EXERCISE:
Leaving out all pictures, write down exactly the lines from the one containing "Ruffle Short Sleeve" through the last line of the material.

RECORDS FOR THIS EXERCISE:
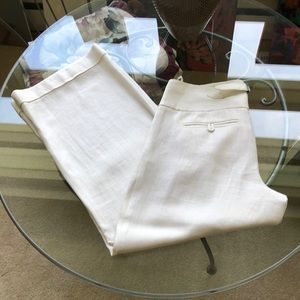 🌹Club Monaco cream linen wide leg slacks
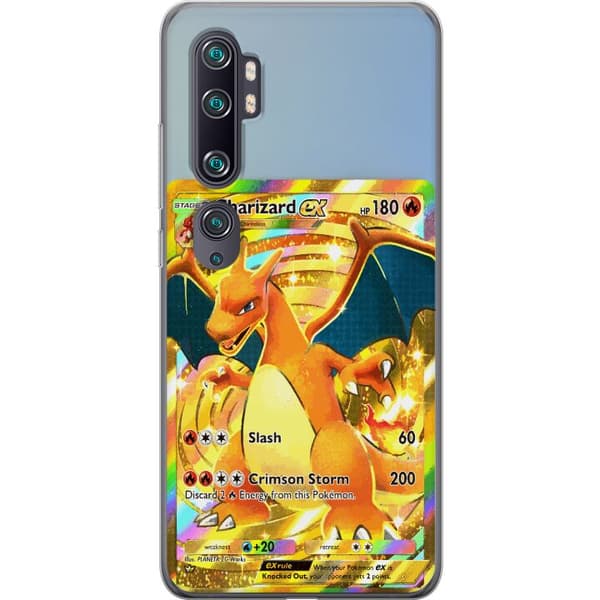 Kompatibelt Mobildeksel til Xiaomi Mi Note 10 GyllenCharizard EX samlerkort med regnbueeffekter gull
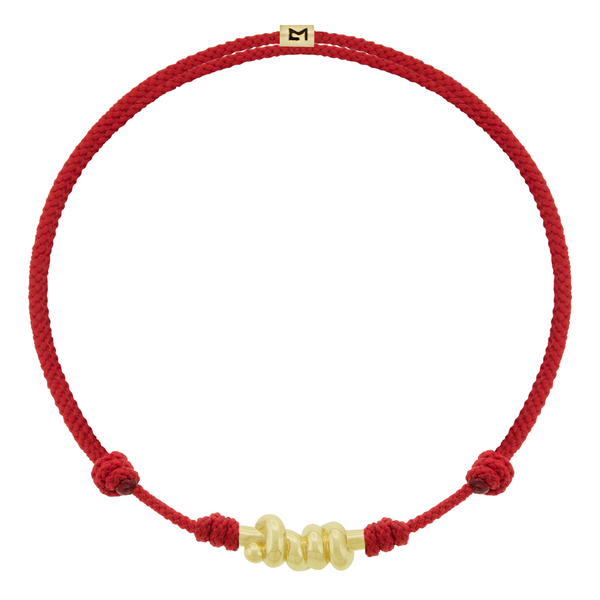 luis morais Entangled Knot on Red Cord Bracelet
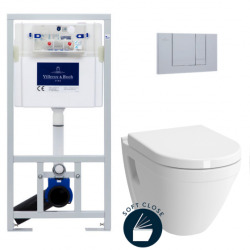 Pack WC bâti-support + WC suspendu Vitra S50 + Abattant softclose + Plaque chrome (ViConnectS50-3)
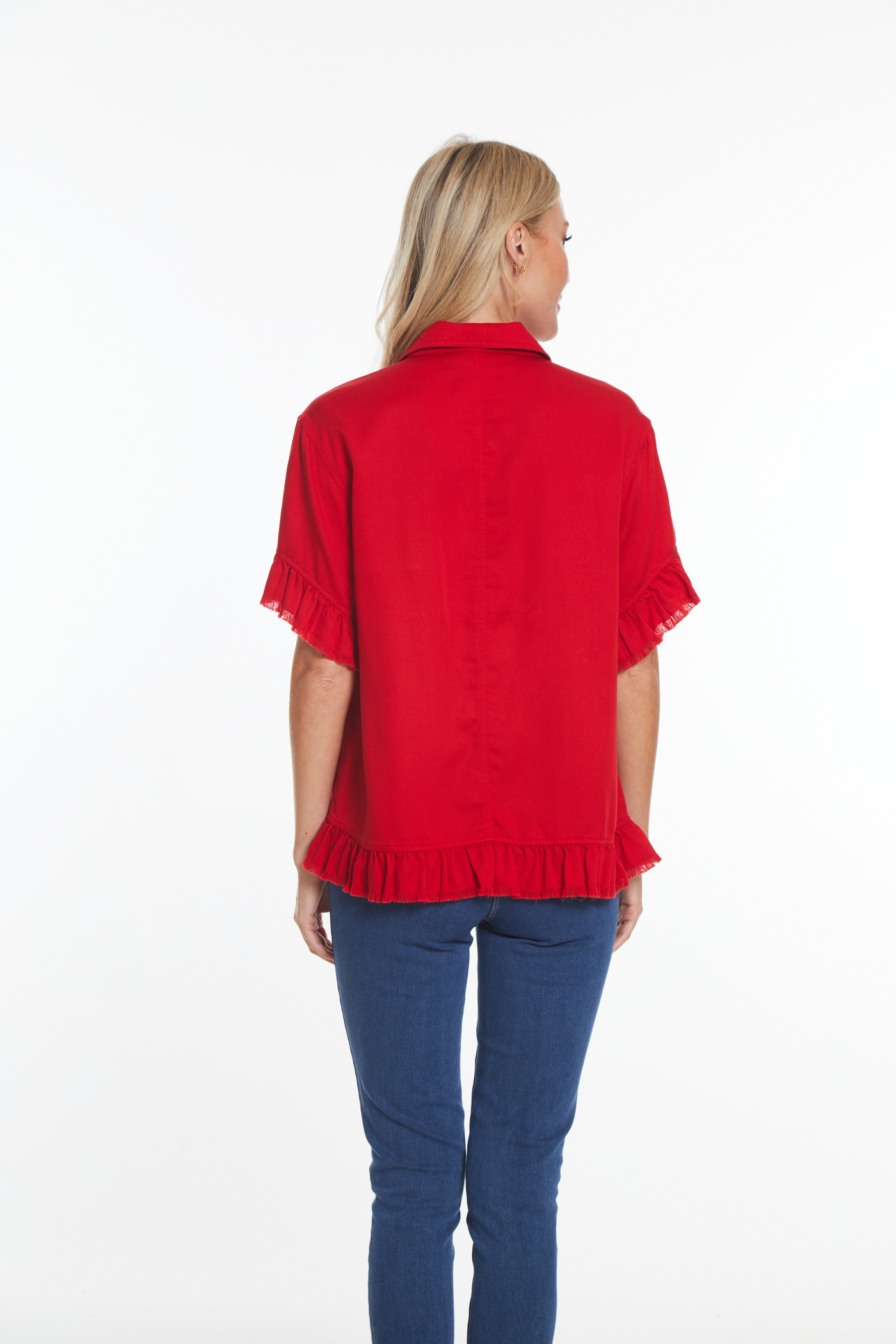 Ruffle Short Sleeve Denim & Twill Jacket - Red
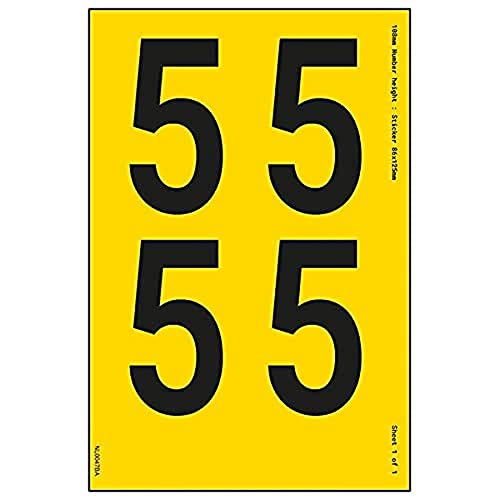 Ein Nummernblatt – 5 – 18 mm Höhe – 300 x 200 mm – gelbes selbstklebendes Vinyl von V Safety
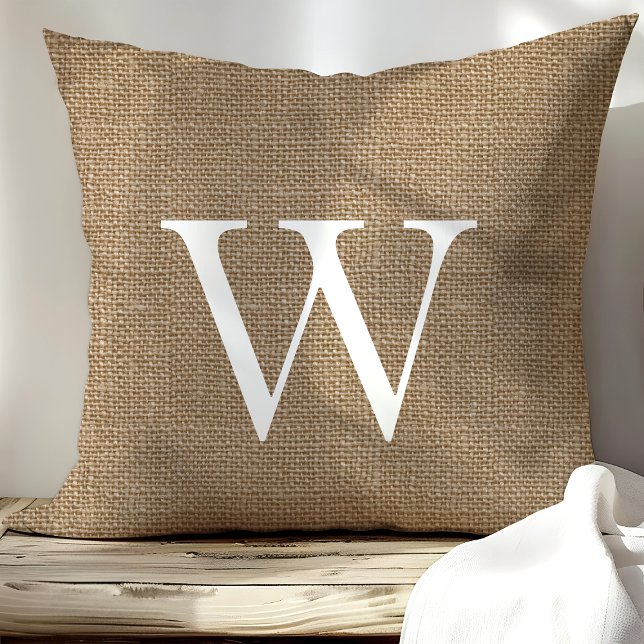 Rustic Burlap Anpassningsbar Monogrammed Dekorativ Kudde (Skapare uppladdad)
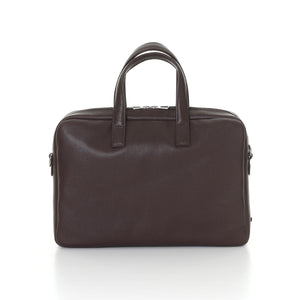 Antoine Grained Leather Briefcase Burnished Earth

REPLY TO THE EXERCISE:
 Ruffle Short Sleeve Denim & Twill Jacket - Red
 Ein Nummernblatt – 5 – 18 mm Höhe – 300 x 200 mm – gelbes selbstklebendes Vinyl von V Safety
 Rustic Burlap Anpassningsbar Monogrammed Dekorativ Kudde (Skapare uppladdad)
 Antoine Grained Leather Briefcase Burnished Earth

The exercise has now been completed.